Schools that are using the GRE say they want to reach a wider pool of potential students, particularly those with science, technology, engineering and math backgrounds.

“By accepting GRE scores in addition to LSAT scores, Chicago-Kent hopes to invite applications from a more academically diverse pool of prospective students,” reads the school's announcement of the move. “In addition, because the GRE is offered more frequently and widely than the LSAT, the test is more accessible to candidates for admission both in the United States and around the world.”

The current ABA standard requires law schools to use a “valid and reliable” test in admissions, yet only the LSAT is specifically recognized as such. Schools now using the GRE are relying on studies that conclude that test is as effective as the LSAT in predicting first-year law school grades. ETS last fall announced that a national validity study of GRE scores from 21 law schools reached that same conclusion, though the Law School Admission Council's Testy has raised concerns about the methodology of the GRE validity studies.

The pending proposal would encourage law schools to use an admission test, but would not stipulate which tests are acceptable.

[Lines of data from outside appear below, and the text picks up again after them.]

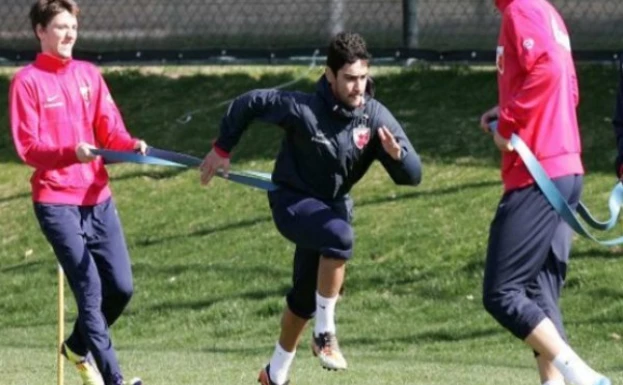 crvenazvezdafk.com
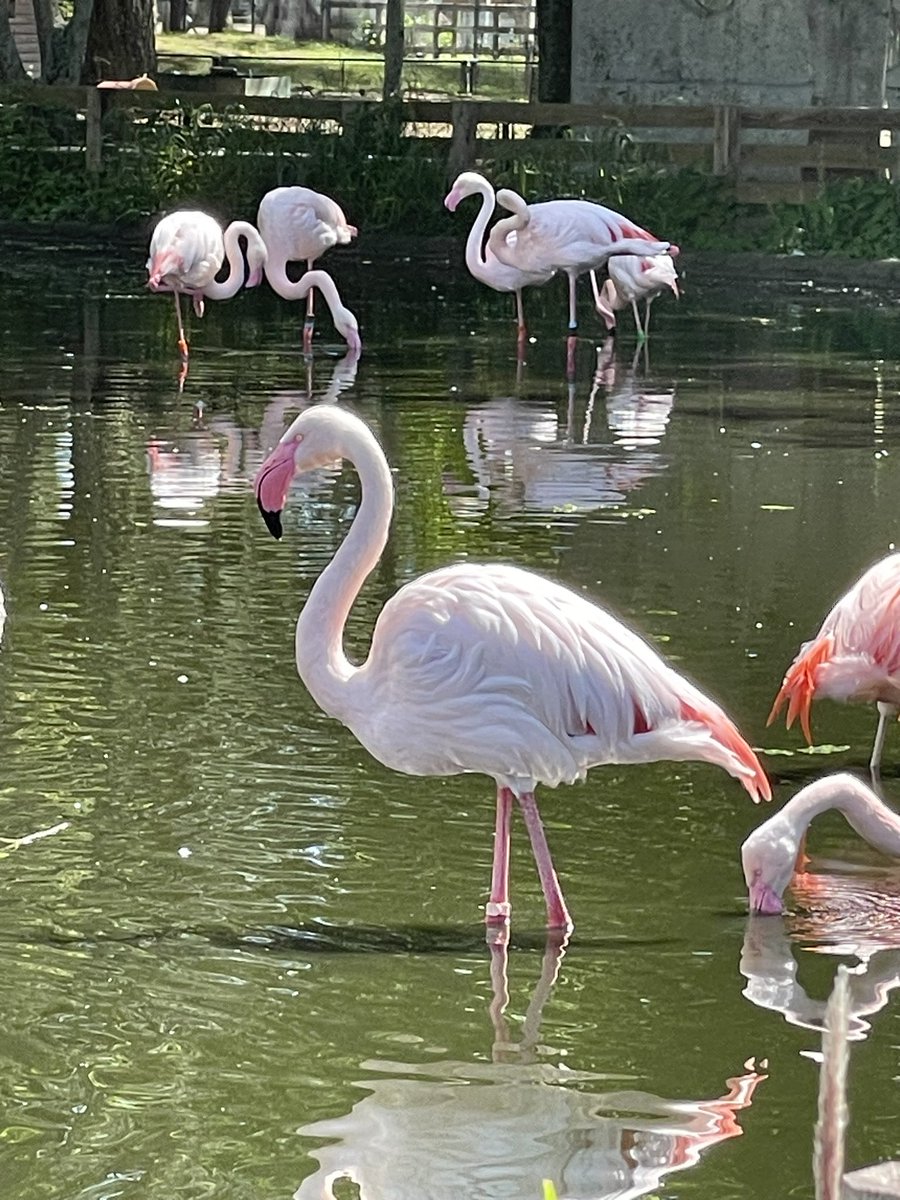 icoyo_ryoco's tweet photo. 海の中道海浜公園
動物園もあるって知ってましたか?
🔹放し飼いのイ��コがおむかえしてくれる！
🔹とにかく愛らしいプレーリードッグ❣️ずって見ていたい💓
🔹水辺のフラミンゴの群れが素敵
🔹この子だけ、群れから離れて
ずーっと飼育員さんを待ってる🥰
#海の中道海浜公園 
#どうぶつえん https://t.co/dsrKt63R3I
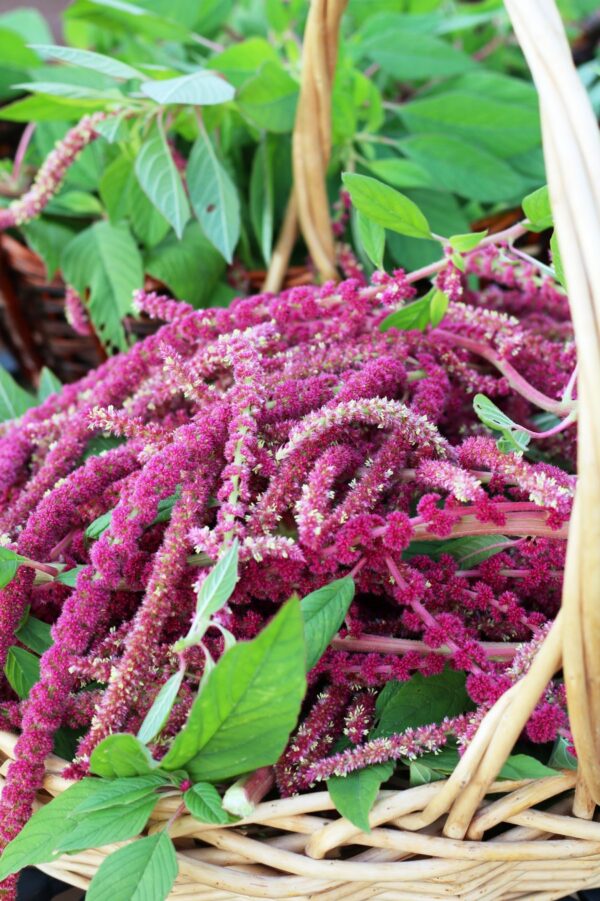 Close up of wicker basket full of amaranth tassels. Another basket full of amaranth leaves in partial view in background.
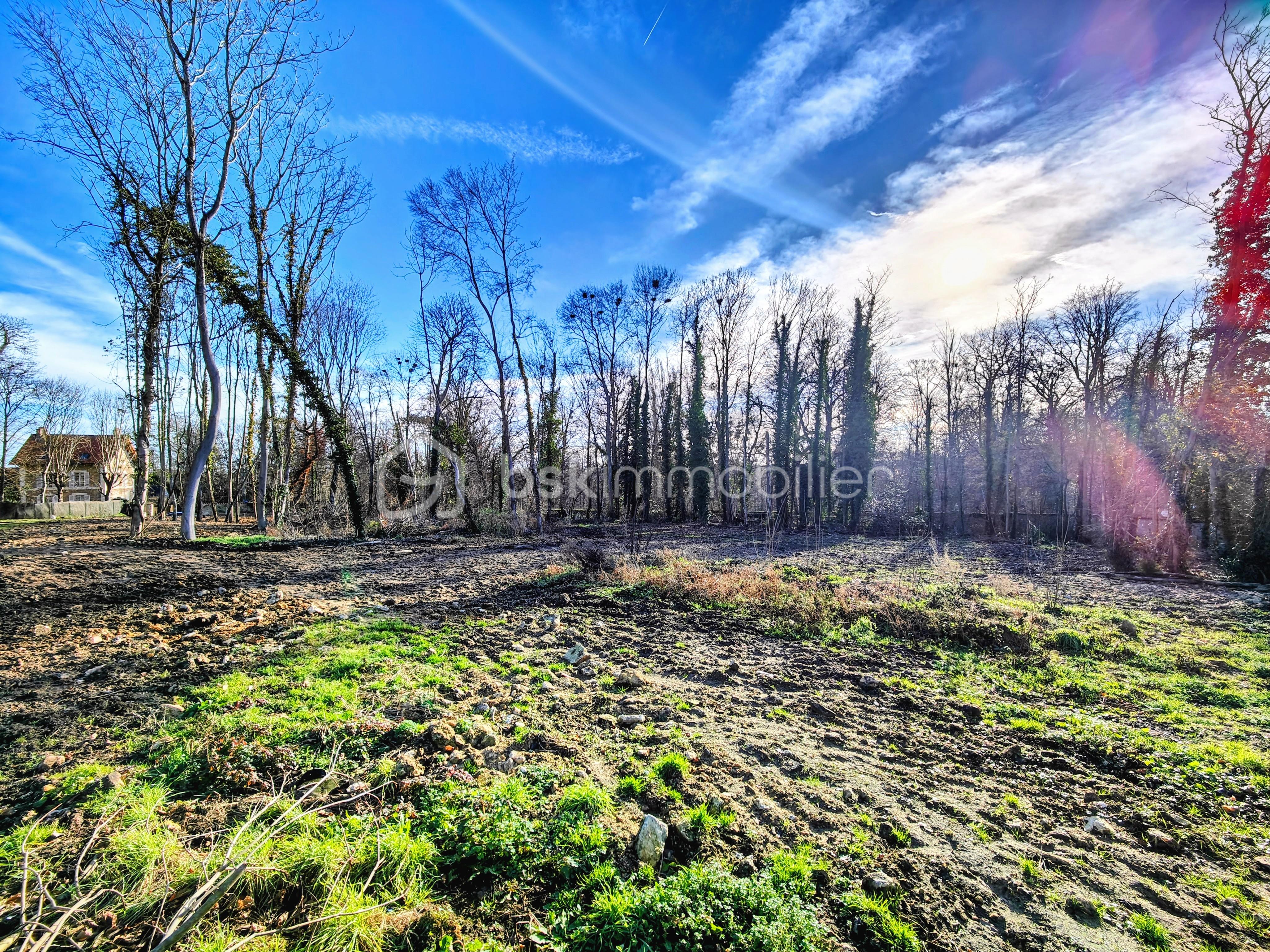 Terrain de 1 613 m² - IMG20260113113657~2.jpg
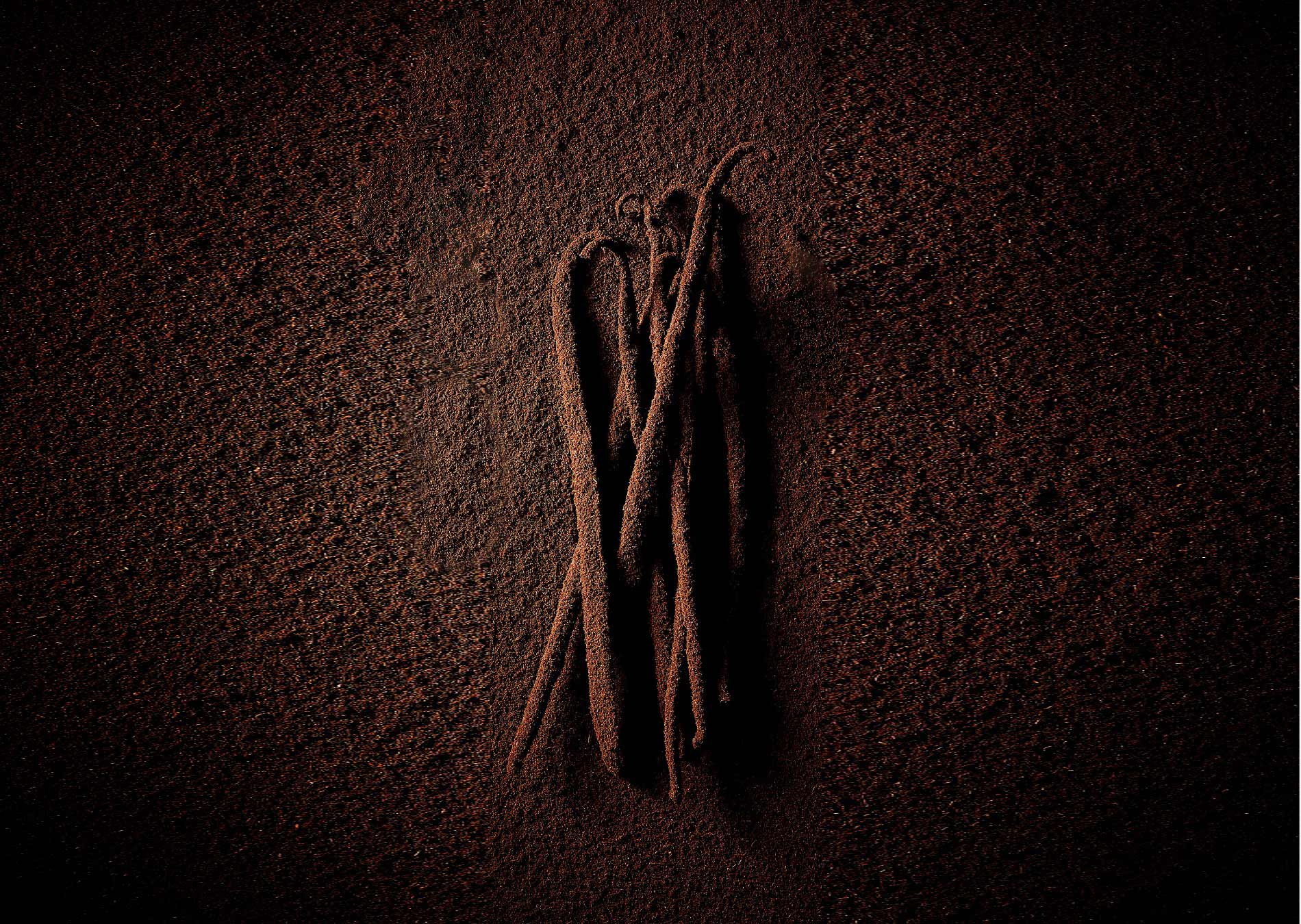 Norohy vanille chocolat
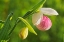 Picture of CANADA-MANITOBA-RICHER SHOWY LADYS SLIPPER ORCHID CLOSE-UP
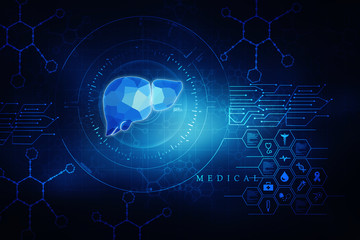 Realistic human liver 2d illustration
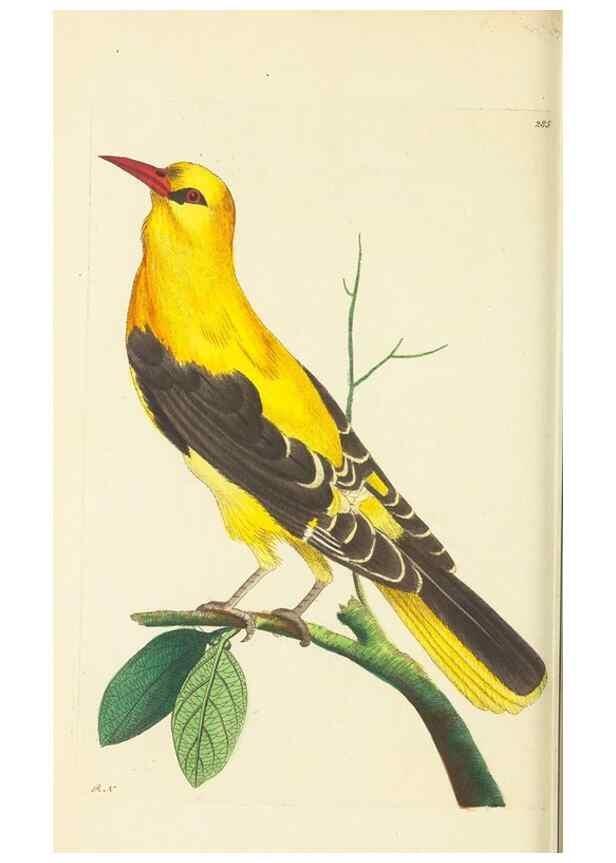 Reproducción/Reproduction 30109172783: The naturalist's miscellany, or Coloured figures of natural objects. London :Printed for Nodder & Co.,1789-1813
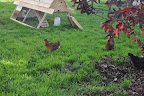  Chicken Gallery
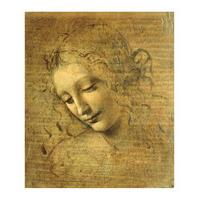 Face of a Young Woman By Leonardo da Vinci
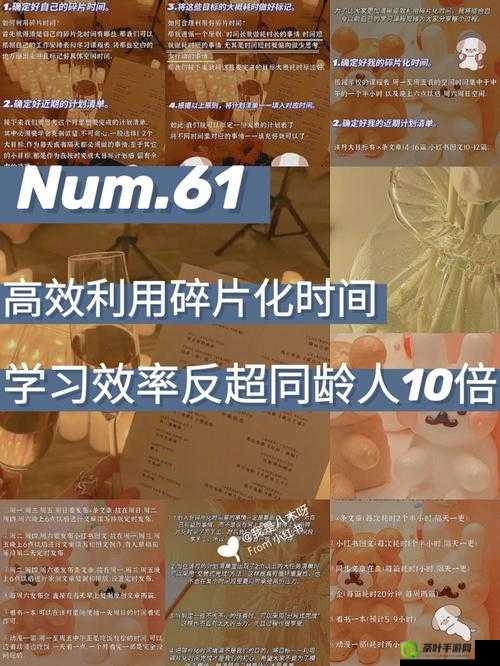 格斗宝贝游戏中如何增加魔人变身时间，资源管理技巧、高效利用策略及避免浪费指南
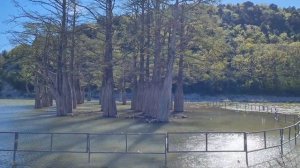 Кипарисовое озеро//Анапа//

The use of an admission test is among the factors the ABA will consider when determining whether a school is in compliance with its overarching admissions standard, under the proposed change.

Several high-profile law deans weighed in to support the new rule. Northwestern University Pritzker School of Law Dean Daniel Rodriguez; University of California, Berkeley School of Law Dean Erwin Chemerinsky; Arizona Dean Marc Miller; and University of Texas School of Law Dean Ward Farnsworth submitted a letter supporting the change, writing that it “invites experimentation.”

“The proposal would go a long way towards diversifying admission to J.D. programs, and place the burden of wise admissions decisions where it belongs: on law schools, and focused on outcomes rather than inputs,” the deans wrote.

Admissions deans from 22 law schools separately warned that eliminating the LSAT requirement would complicate the push for greater transparency in law school consumer data, given that the uniform LSAT score reporting of admitted and enrolled students would no longer be available. The proposal does not stipulate how the use of alternative tests would be reported to the public, they noted.

“How will that consumer disclosure be structured so that it remains meaningful whether a school requires one test, one of four tests, or maybe no test at all?” their letter asked.

The ABA's Standards Review Committee is scheduled to take up the matter at its April 13 meeting. Should the committee approve the change, the proposal would come before the ABA council for further consideration.